◆ TASK DIRECTIONS ◆
Quote the entries word for word. Omit the pictures.
>>>
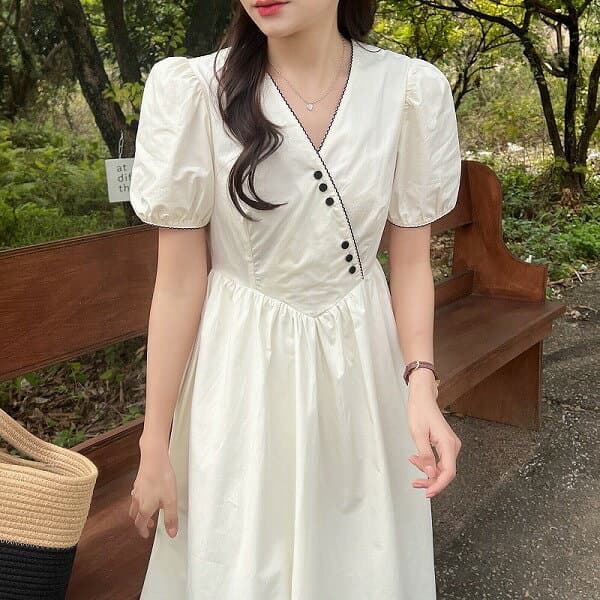 スウィート パフスリーブ Vネック ハイウエスト 春 カジュアルワンピース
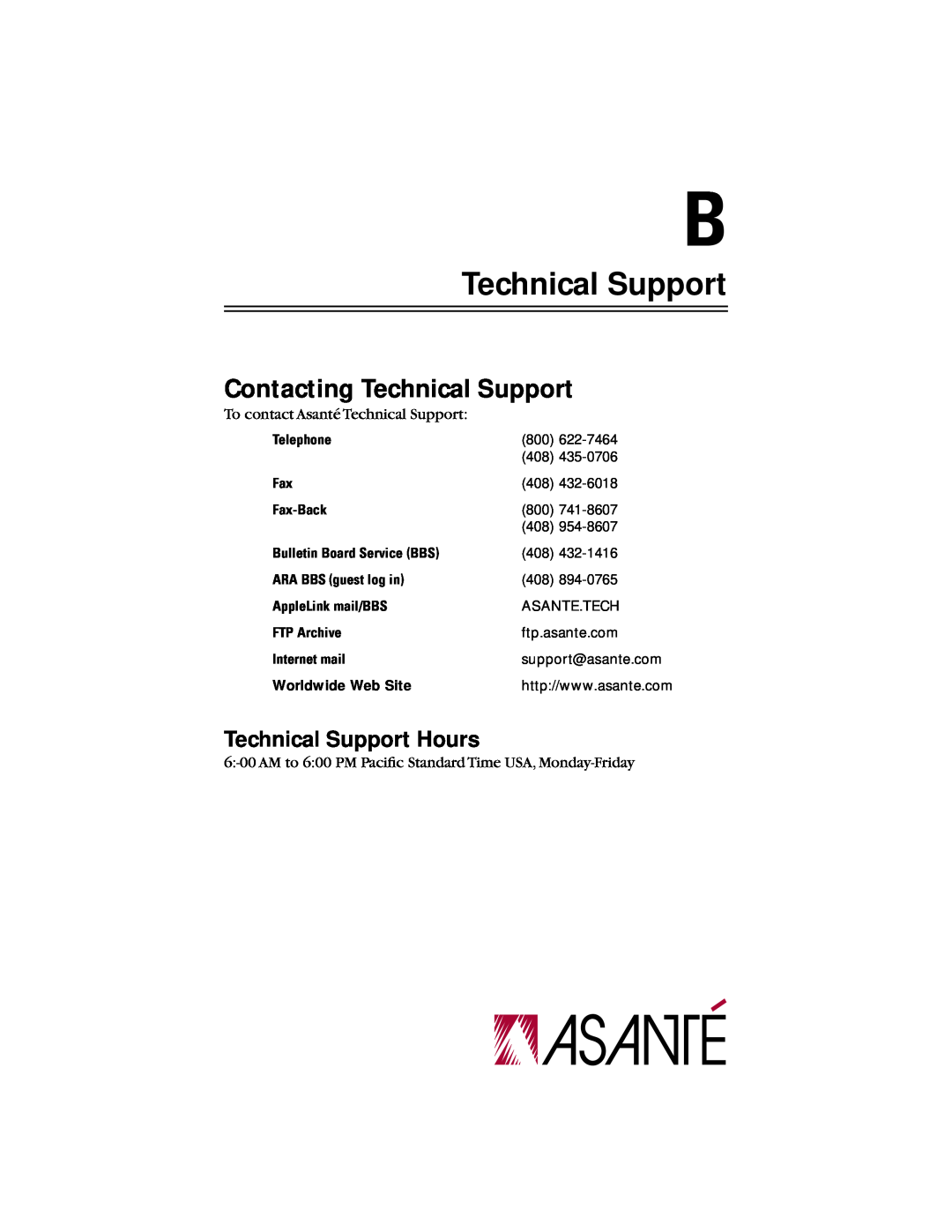 Asante Technologies 10NIC-PCITM manual Contacting Technical Support, Technical Support Hours, Telephone, Fax-Back 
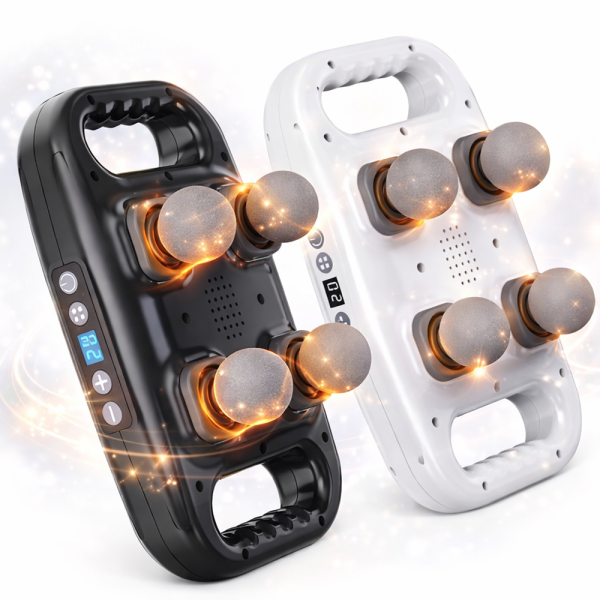 MDHL MD-8078 vibrációs masszírozó készülék – elektromos izommasszírozó 4 cserélhető fejjel izomlazításhoz (BBD)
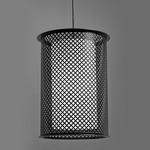 Clarus Round Shade Quatrefoil Cutout Pendant - Black / Opal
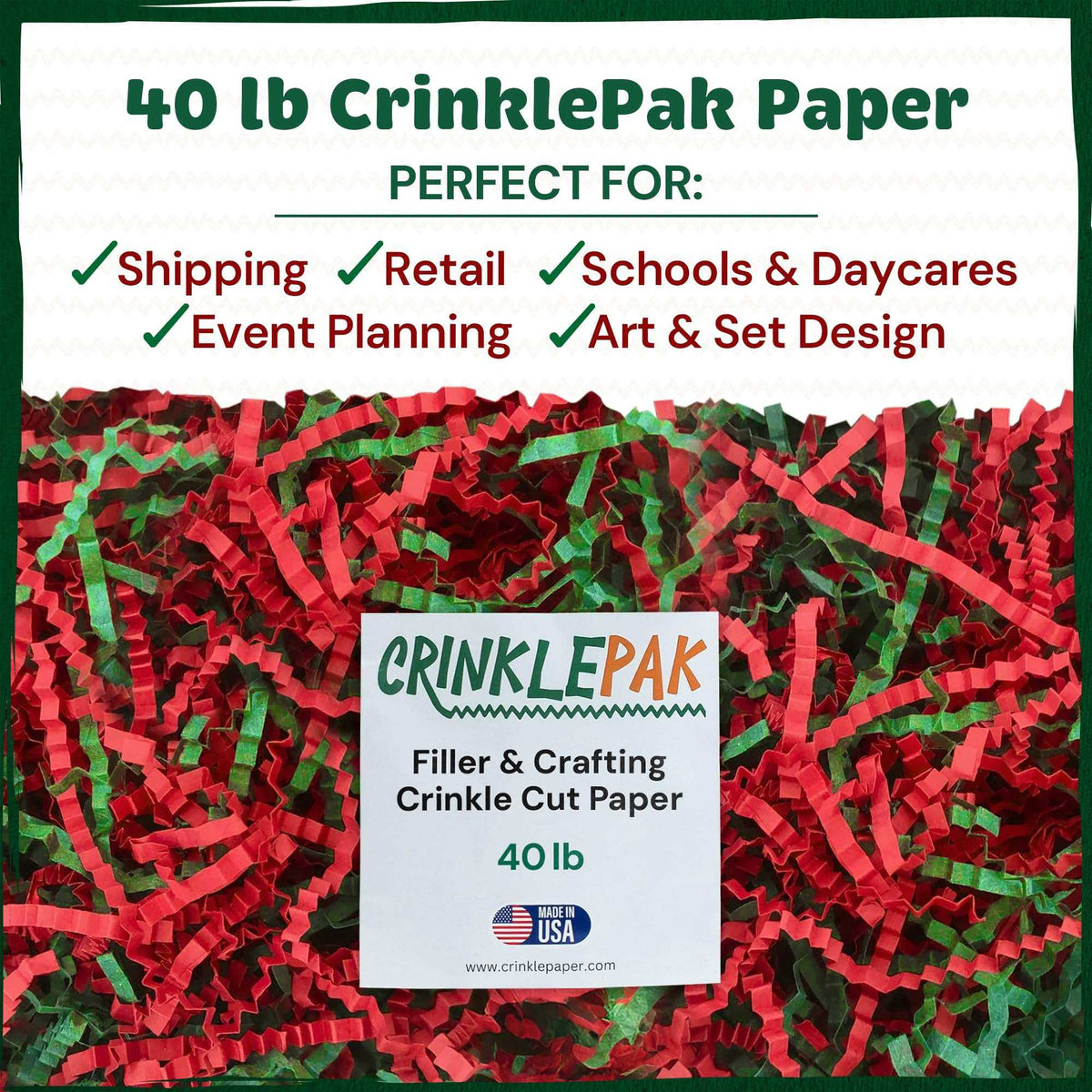 Red and green Christmas crinkle paper filler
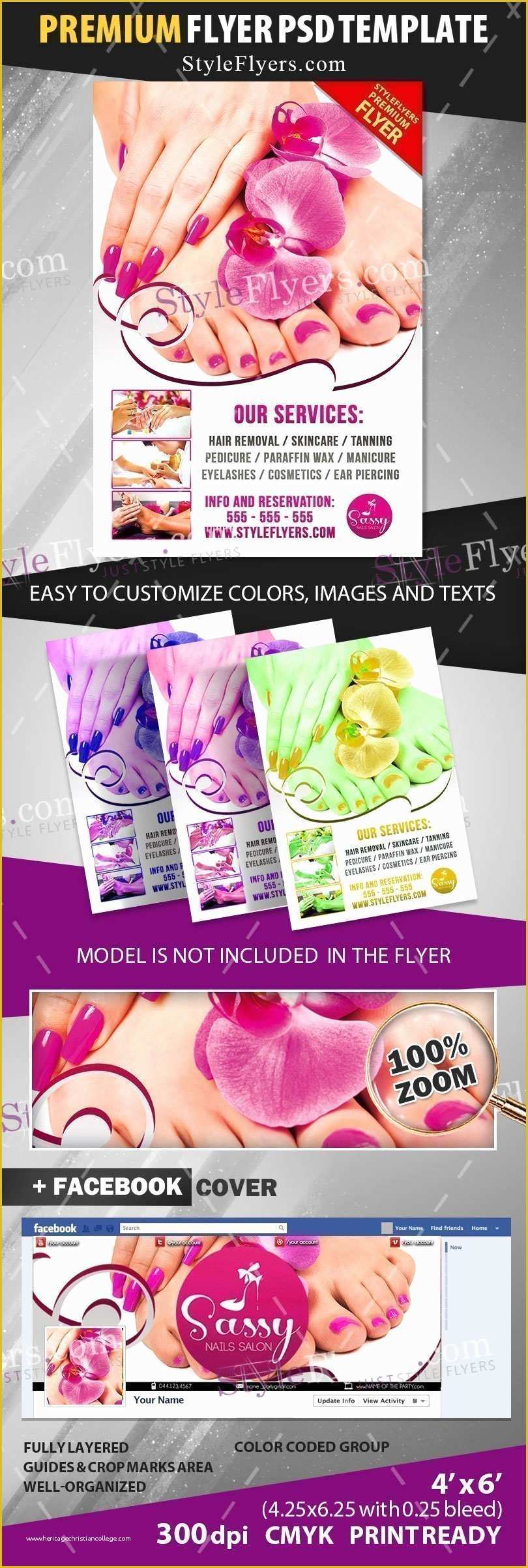 Nail Brochure Templates Free Of Nail Salon Psd Flyer Template Styleflyers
<<<
◆ TASK ANSWER ◆
 スウィート パフスリーブ Vネック ハイウエスト 春 カジュアルワンピース
 Asante Technologies 10NIC-PCITM manual Contacting Technical Support, Technical Support Hours, Telephone, Fax-Back 
 MDHL MD-8078 vibrációs masszírozó készülék – elektromos izommasszírozó 4 cserélhető fejjel izomlazításhoz (BBD)
 Clarus Round Shade Quatrefoil Cutout Pendant - Black / Opal
 Red and green Christmas crinkle paper filler
 Nail Brochure Templates Free Of Nail Salon Psd Flyer Template Styleflyers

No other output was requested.